Professor’s photographs featured in New York Times-highlighted show
Seven photographs taken by Associate Professor of Anthropology Bruce Owens were featured recently in a show The New York Times named one of the most important art exhibitions in 2019.
“Dharma and Punya: Buddhist Ritual Art of Nepal” was on display at Cantor Art Gallery at the College of the Holy Cross in Worcester, Mass., from September through mid-December of 2019 and featured nearly 100 objects of Buddhist ritual art, including eight images captured by Owens at the festival of Rāto Matsyendranāth/Bungadyaḥ, held annually in Nepal’s Kathmandu Valley. Owens has taken thousands of photographs of the festival during a span of nearly 40 years; the images in this exhibition were taken between 1982 and 1991.
Owens also contributed an object from his personal collection to the exhibition—a clay image of the god honored at the festival, which he said was handcrafted and typically used in a home shrine.
New York Times art critic Holland Cotter included “Dharma and Punya” in his list of 2019 highlights, calling the show “a gem.”
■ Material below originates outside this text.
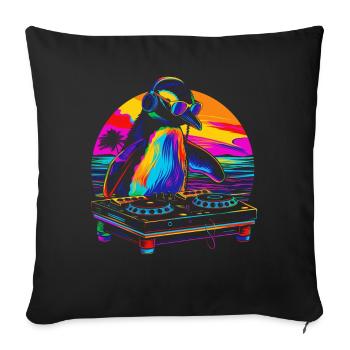Pingouin DJ Disc Jockey Platine Plage Soleil - Housse de coussin décorative 45 x 45 cm - noir - Devant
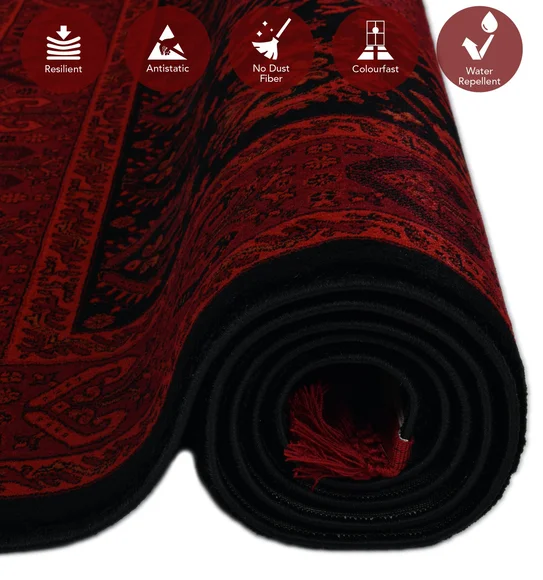 Afghan Classical Machine Made Carpet Red and Black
“Assembled by two scholars, Jinah Kim and Todd T. Lewis, it uses objects to tell a tale of the little-studied traditions of a popular religious art in the Kathmandu Valley, an art that is devotional, intensely social and inevitably political, and one that takes the pursuit of do-no-harm generosity as its subject, creed and goal,” Cotter wrote.
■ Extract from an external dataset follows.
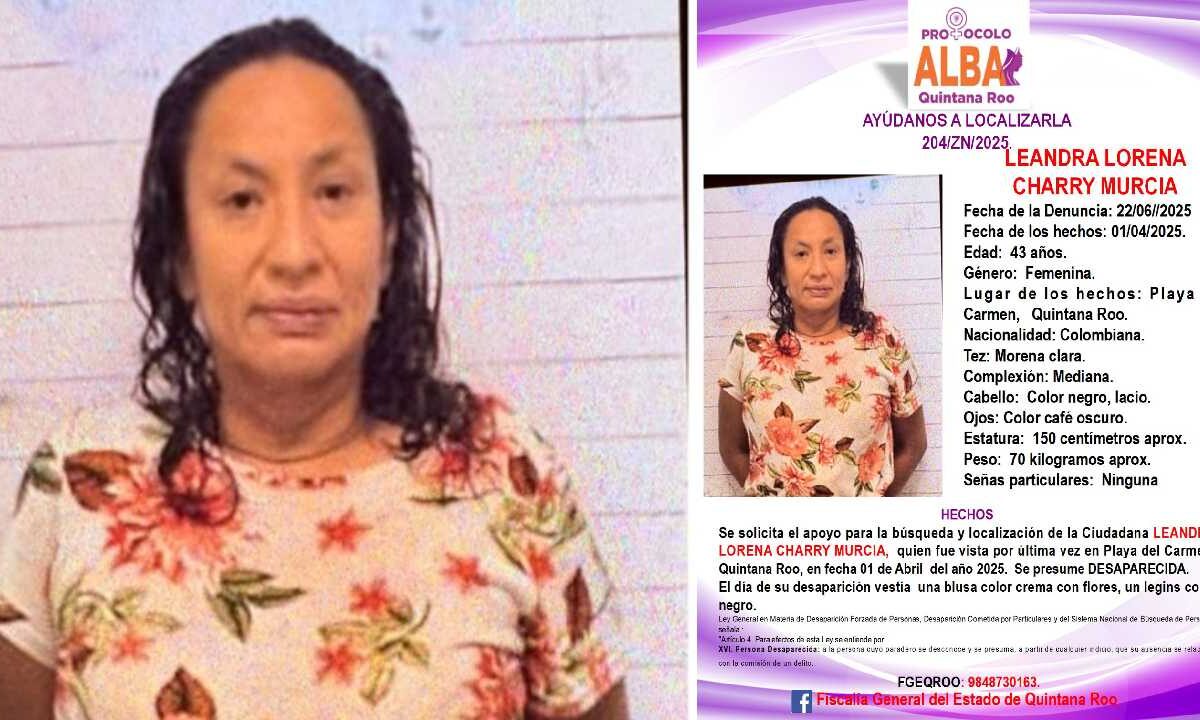 Activan ficha de búsqueda en Playa del Carmen por colombiana.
Owens gave two talks related to the exhibition—the first, titled “Local Manifestations of Universal Compassion: Lokeśvara of the Four Places in Nepal,” was delivered on November 7 as part of a lecture series connected with the exhibition. The second, titled, “The Chariot Festival of Rāto Matsyendranāth/Buṃgadyaḥ of the Kathmandu Valley: Forty Years of Innovations and Transformations,” was given on December 7 at the symposium “Nepal Mandala in Early Modern Global Asia,” held at Harvard University in honor of the exhibition.
Additionally, his essay, “Popular Images of Bunga-Dyaḥ, Compassionate Localized Bodhisattva,” was included in the exhibition catalog, Dharma and Puṇya: Buddist Ritual Art of Nepal, edited by Jinah Kim and Todd Lewis (Boston, Brill/Hotei Publishing, 2019).